*Directions for this task:* Below are records with pictures. Transcribe exactly, and only, the lines from the line with "Fundo da guitarra" to the line with "Cobertura Sabor Chocolate 1,3Kg - Du Porto", both ends included, but not the pictures.

*Supplied records:*
● ● ● ● ●

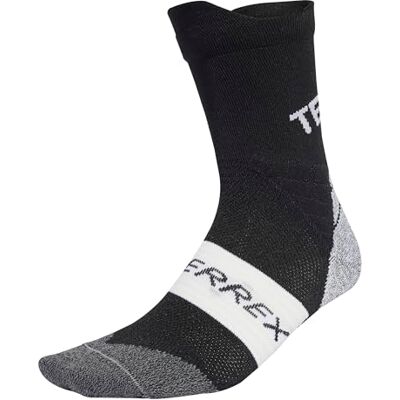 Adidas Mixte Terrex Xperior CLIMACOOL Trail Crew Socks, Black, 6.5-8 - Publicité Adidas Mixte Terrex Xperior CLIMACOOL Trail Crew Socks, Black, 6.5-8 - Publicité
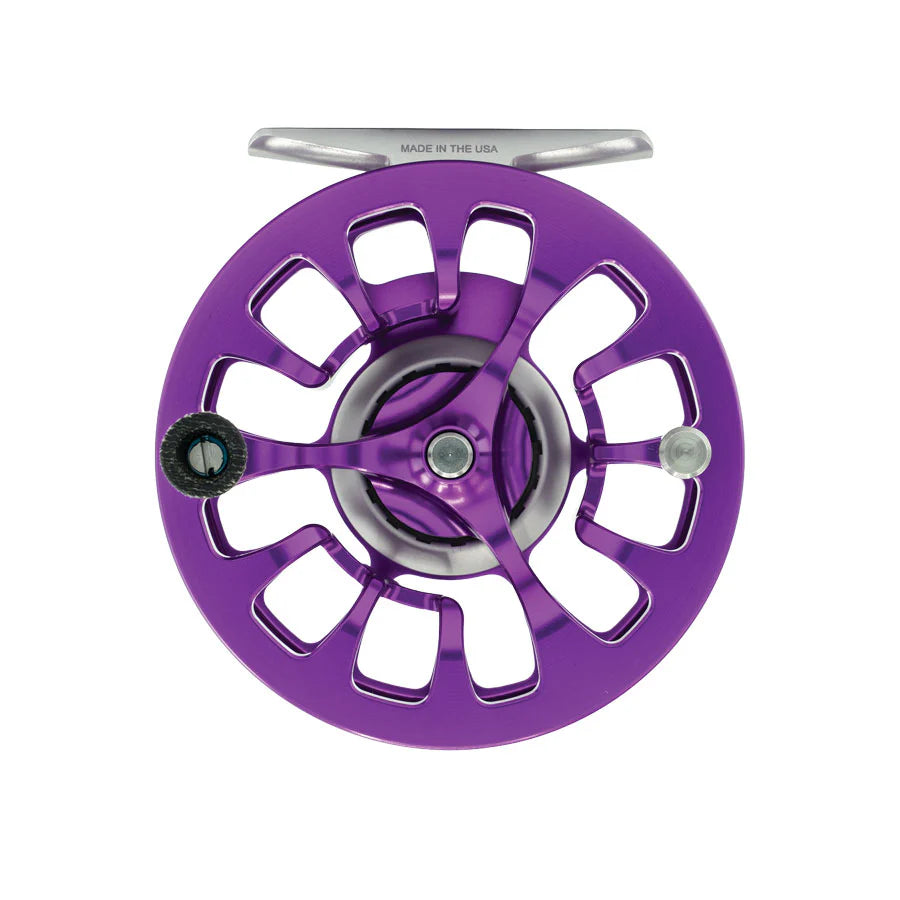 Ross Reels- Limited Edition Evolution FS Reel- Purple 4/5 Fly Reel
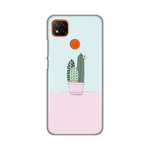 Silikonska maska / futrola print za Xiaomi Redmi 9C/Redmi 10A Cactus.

● ● ● ● ●

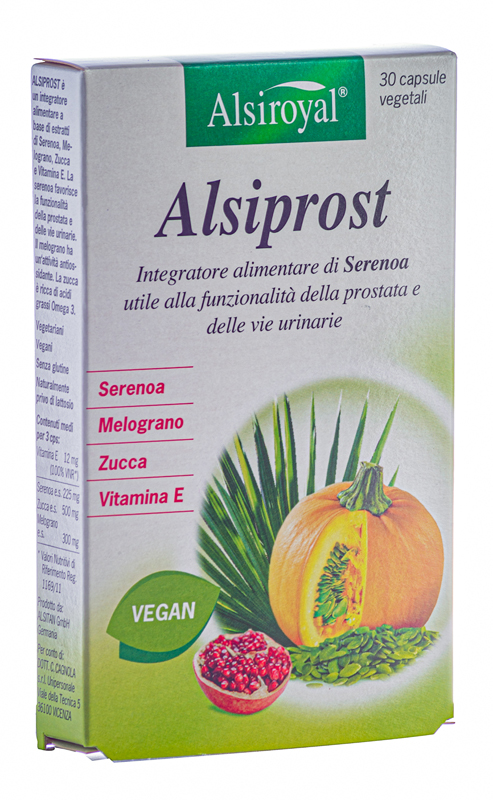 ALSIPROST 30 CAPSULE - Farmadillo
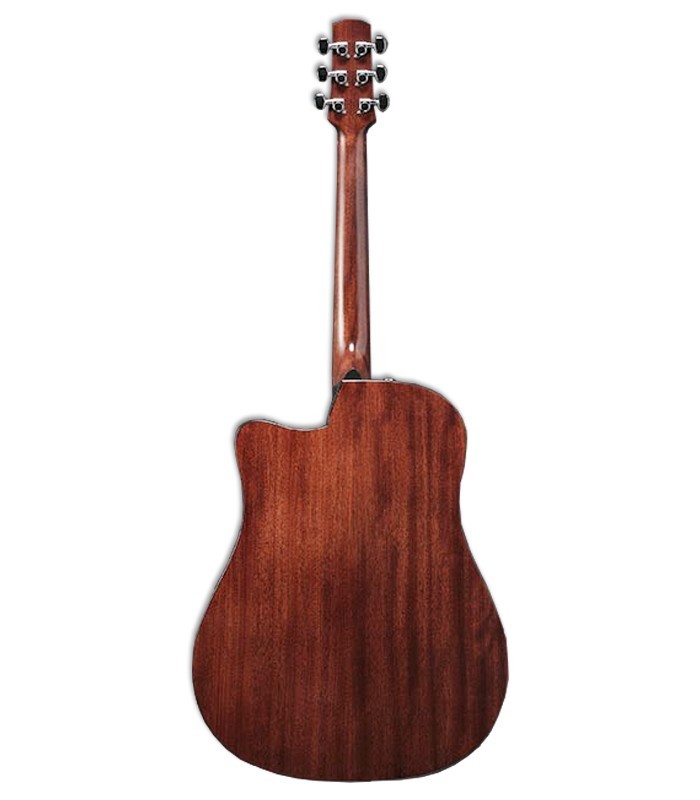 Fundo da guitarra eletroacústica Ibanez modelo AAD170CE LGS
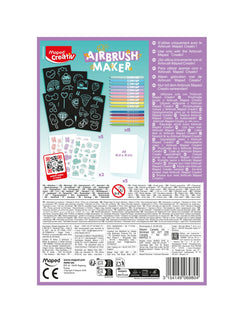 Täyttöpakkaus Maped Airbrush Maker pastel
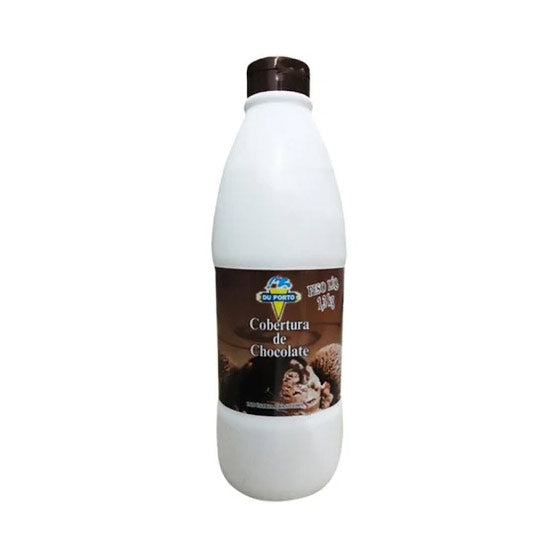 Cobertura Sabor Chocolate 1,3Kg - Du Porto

● ● ● ● ●

*Response to the exercise:*
 Fundo da guitarra eletroacústica Ibanez modelo AAD170CE LGS
 Täyttöpakkaus Maped Airbrush Maker pastel
 Cobertura Sabor Chocolate 1,3Kg - Du Porto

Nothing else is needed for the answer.